▶ **REQUIREMENT**
Could you repeat the data word for word while skipping the pictures?

Image-caption web data:
◆ ◆ ◆ ◆ ◆

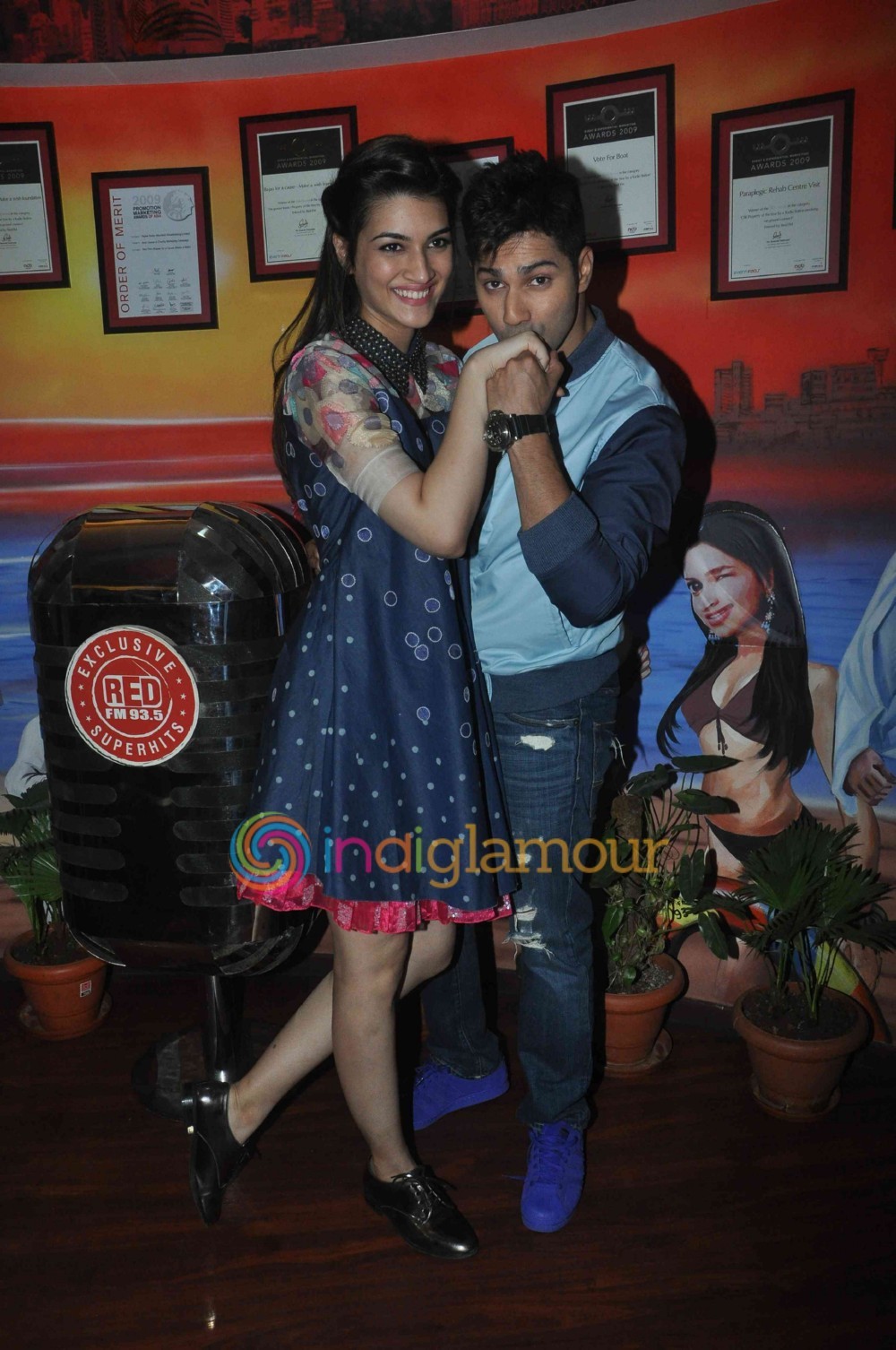 Promotion of Dilwale at Radio Red FM Event hd photo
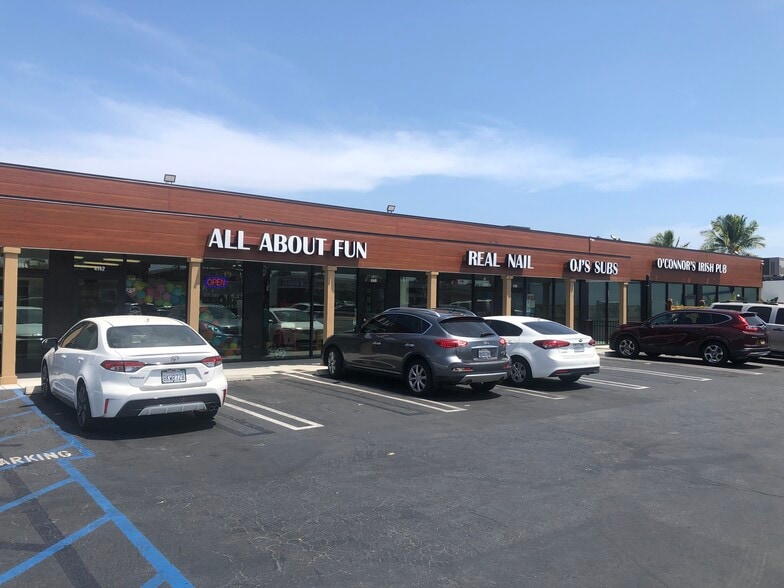 4130-4146 Paramount Blvd, Lakewood, CA for lease - Building Photo - Image 1 of 17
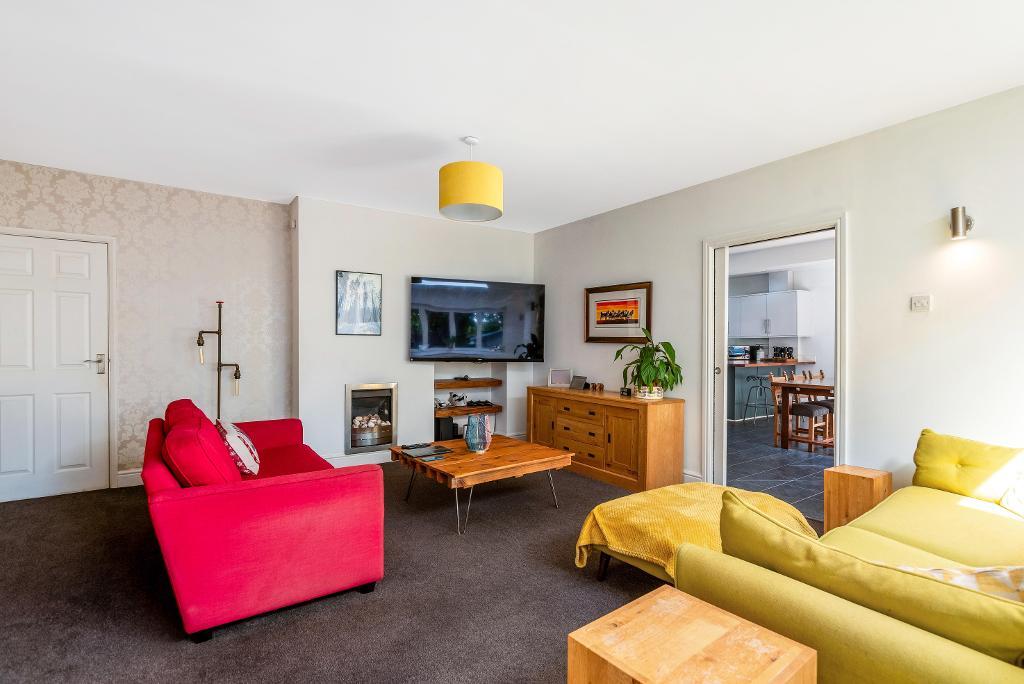 5 Bedroom Detached For Sale in Hill End, Orpington, BR6 0SJ Linay and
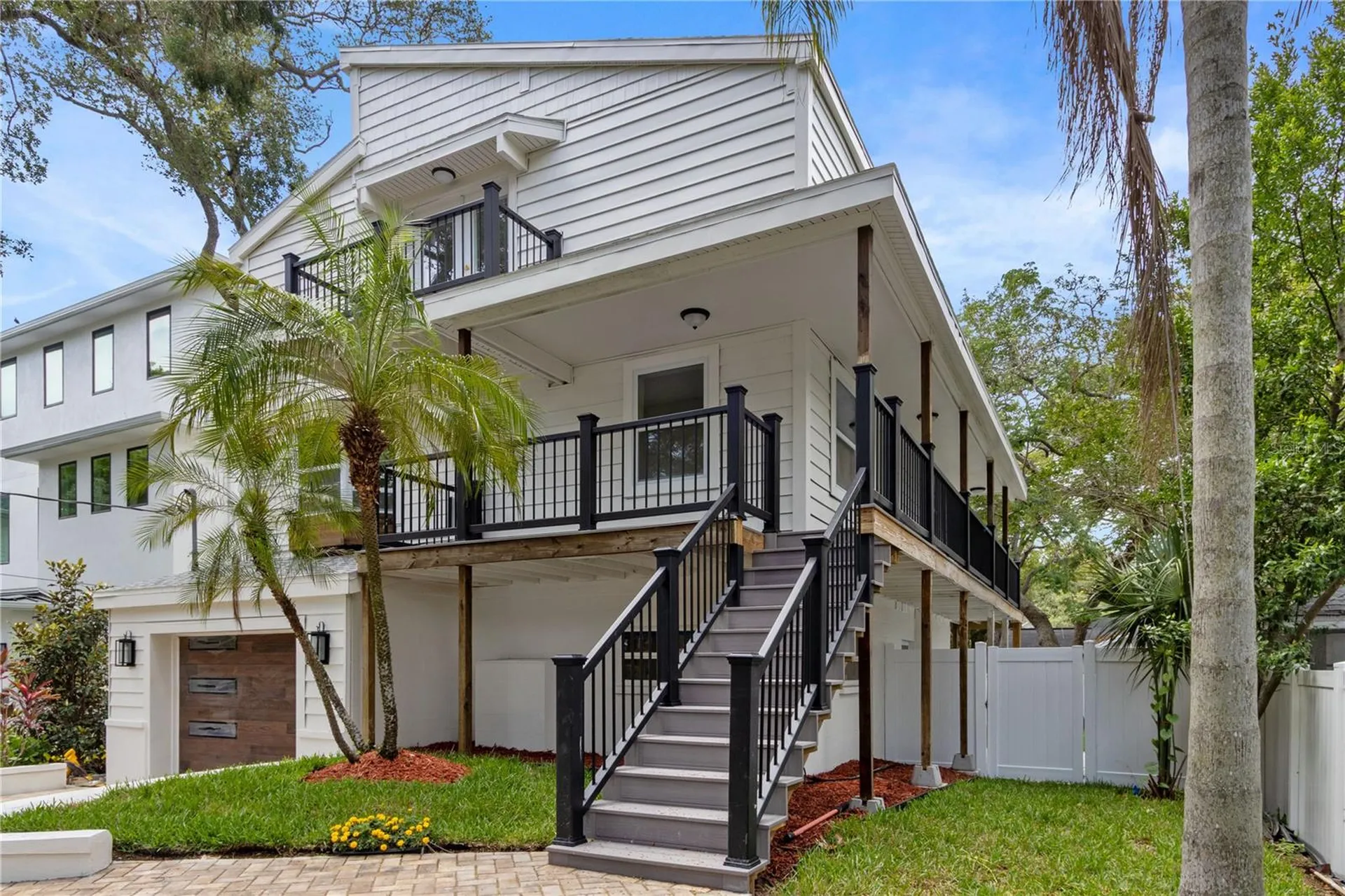 3232 W Oakellar Avenue Tampa FL 33611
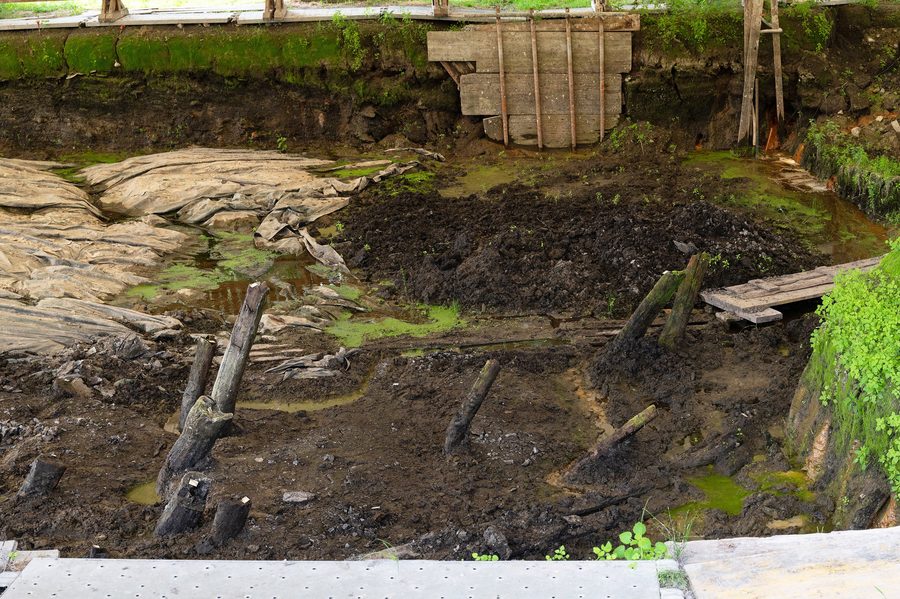 Reste von Pfahlbauten im archäologischen Park Lago Lucone bei Polpenazze del Garda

◆ ◆ ◆ ◆ ◆

▶ **FINISHED EXERCISE**
 Promotion of Dilwale at Radio Red FM Event hd photo
 4130-4146 Paramount Blvd, Lakewood, CA for lease - Building Photo - Image 1 of 17
 5 Bedroom Detached For Sale in Hill End, Orpington, BR6 0SJ Linay and
 3232 W Oakellar Avenue Tampa FL 33611
 Reste von Pfahlbauten im archäologischen Park Lago Lucone bei Polpenazze del Garda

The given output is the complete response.